Material for this task Start Marker

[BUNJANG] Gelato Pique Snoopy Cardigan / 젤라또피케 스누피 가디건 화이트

Material for this task End Marker
Material for this task Start Marker

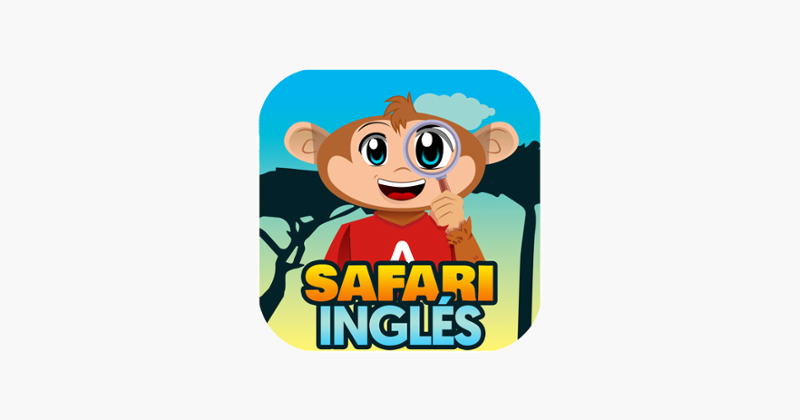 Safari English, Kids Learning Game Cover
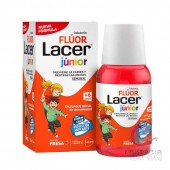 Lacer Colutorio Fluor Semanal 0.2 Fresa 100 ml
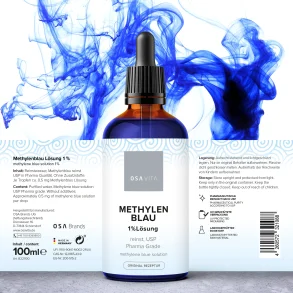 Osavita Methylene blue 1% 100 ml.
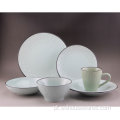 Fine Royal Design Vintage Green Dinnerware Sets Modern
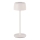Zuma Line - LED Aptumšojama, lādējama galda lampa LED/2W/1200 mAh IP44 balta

Material for this task End Marker

Work order -> Could you repeat, exactly, only the lines above starting at the one that has "Osavita Methylene blue 1% 100 ml." and stopping after the one that has "Zuma Line - LED", without the pictures?

Solution to this problem ->
 Osavita Methylene blue 1% 100 ml.
 Fine Royal Design Vintage Green Dinnerware Sets Modern
Zuma Line - LED Aptumšojama, lādējama galda lampa LED/2W/1200 mAh IP44 balta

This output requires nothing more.